At this point it is the dataset identifier given with the -P flag to aP_scale that determines which sweeps are being merged together at the end of the unified scaling procedure. Remember that this defaults in autoPROC to the wavelength value so that all sweeps collected at the same energy will finally be merged together:

For the AIMLESS path, some statistics are plotted as function of batch/image number. In case of multiple sweeps collected at different energies, separate plots for each wavelength are generated with the wavelength (in Å) as part of the filename. E.g.

ana_aimless_0.91837_Bdecay.png        ana_aimless_0.97922_Bdecay.png        ana_aimless_0.97936_Bdecay.png
ana_aimless_0.91837_Bscale.png        ana_aimless_0.97922_Bscale.png        ana_aimless_0.97936_Bscale.png
ana_aimless_0.91837_Completeness.png  ana_aimless_0.97922_Completeness.png  ana_aimless_0.97936_Completeness.png
ana_aimless_0.91837_Rmerge.png        ana_aimless_0.97922_Rmerge.png        ana_aimless_0.97936_Rmerge.png
ana_aimless_0.91837_Scale.png         ana_aimless_0.97922_Scale.png         ana_aimless_0.97936_Scale.png

If multiple sweeps are merged together (because they were collected at the same wavelength), this will be visible on those plots:

`ana_aimless_0.97936_Scale.png` image scale factor	`ana_aimless_0.97936_Bscale.png` scaling B-factor	`ana_aimless_0.97936_Bdecay.png` decaying B-factor (straight-line fit to scaling B-factor)


`ana_aimless_0.97936_Completeness.png` cumulative completeness (overall and anomalous)	`ana_aimless_0.97936_Rmerge.png` Rmerge

Final output files

The final set of reflection data falls into two categories:

"traditional" isotropic analysis ("truncate-unique.mtz")
"new" anisotropic analysis with STARANISO ("staraniso_alldata-unique.mtz")

For multi-wavelength or (manually defined) multi-sweep/crystal datasets, slight variations of those filenames can occur - with the wavelength/dataset identifier inserted.

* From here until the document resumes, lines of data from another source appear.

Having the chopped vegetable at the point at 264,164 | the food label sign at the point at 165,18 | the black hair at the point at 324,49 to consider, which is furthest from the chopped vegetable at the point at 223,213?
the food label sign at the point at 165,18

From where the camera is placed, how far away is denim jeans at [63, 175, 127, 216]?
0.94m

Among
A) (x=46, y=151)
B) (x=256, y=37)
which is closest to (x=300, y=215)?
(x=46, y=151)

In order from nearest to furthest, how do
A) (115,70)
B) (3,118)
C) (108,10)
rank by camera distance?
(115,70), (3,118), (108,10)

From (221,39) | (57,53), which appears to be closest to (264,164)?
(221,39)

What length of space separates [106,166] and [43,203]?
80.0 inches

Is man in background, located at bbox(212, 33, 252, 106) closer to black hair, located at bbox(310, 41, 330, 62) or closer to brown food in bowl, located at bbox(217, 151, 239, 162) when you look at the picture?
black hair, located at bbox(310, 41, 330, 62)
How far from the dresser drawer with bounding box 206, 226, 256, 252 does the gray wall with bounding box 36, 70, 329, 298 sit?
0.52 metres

Each MTZ file should have a set of corresponding auxiliary files:

"*.table1": merging statistics for innermost shell, outer shell and overall
"*.stats": merging statistics as a function of resolution
"*.xml": merging statistics in XML format

Plots and summary.html

autoPROC generates a large number of plots using gnuplot. These are very useful in analysing the final data quality, spotting problems or ways of improving the data processing - even doing a better planing better for subsequent experiments. Therefore it is highly recommended to ensure that a working gnuplot installation is available on the machine running autoPROC.

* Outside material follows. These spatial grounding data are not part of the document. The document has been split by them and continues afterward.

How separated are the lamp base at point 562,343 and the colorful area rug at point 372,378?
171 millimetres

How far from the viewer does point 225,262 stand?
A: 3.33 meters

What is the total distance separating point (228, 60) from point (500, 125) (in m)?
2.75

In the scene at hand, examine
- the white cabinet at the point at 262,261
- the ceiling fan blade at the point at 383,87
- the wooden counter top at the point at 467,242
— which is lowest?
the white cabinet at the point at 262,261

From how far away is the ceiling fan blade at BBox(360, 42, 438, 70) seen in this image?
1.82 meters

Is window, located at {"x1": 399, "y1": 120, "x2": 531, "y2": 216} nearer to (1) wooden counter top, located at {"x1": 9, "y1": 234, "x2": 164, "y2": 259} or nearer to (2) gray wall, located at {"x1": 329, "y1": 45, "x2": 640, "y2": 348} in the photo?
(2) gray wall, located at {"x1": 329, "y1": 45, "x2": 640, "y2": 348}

The best way of looking at all these plots (including explanations and notes) is the central "summary.html" file that is created in the main output directory. It contains a structured index to easily follow the flow of data through processing and highlights the final files (that would go into subsequent steps of structure solution and refinement) together with the relevant statistics (for deposition, archiving and publication).

How to locate plots

One useful command to find the plots in the order they were generated could be something like

process -I /where/ever/images ... -d 01 ...
ls -ltra `find 01 -name "*.png"`

which will list all PNG files in the order they were created.

How to view plots

There are a variety of tools available for viewing pictures in PNG or JPG format. Some of the more popular options are the commands

display file.png
 - or -
qiv file.png

Obviously, you could also use your file manager to browse to the relevant directory and file: after that a double-click (or whatever the equivalent on your choice of operating system is) should open the image for viewing.

GPX2

Our visualiser for predictions (position and shape) is called GPX2 and is invoked through a series of scripts that will be generated automatically by autoPROC throughout a data-processing. This will be reported on standard output e.g. as

We use the notation of "status" to mean the visualisation of prediction positions and spot shape. This script can then be run - e.g. with the "-h" command-line argument to get a help message (some values in that help message will be different depending on the actual processing the predictions will be based upon):

Some command-line options are useful to discuss in more detail:

-spots will not only show reflection predictions (as computed from the current set of parameters and orientation), but also the list of found spots;
-mos <mos> allows the user to set a value for mosaicity (which might be necessary at the indexing stage since no value for mosaicity is available at that stage)
-rm will remove the set of predictions after the user closes the GPX2 window (this is required if a different mosaicity value is to be used);

If the indexing step encountered the possibility of several lattices or indexing solutions, several of these scripts will be generated: one for each lattice/solution and one that allows visualising all found lattices together.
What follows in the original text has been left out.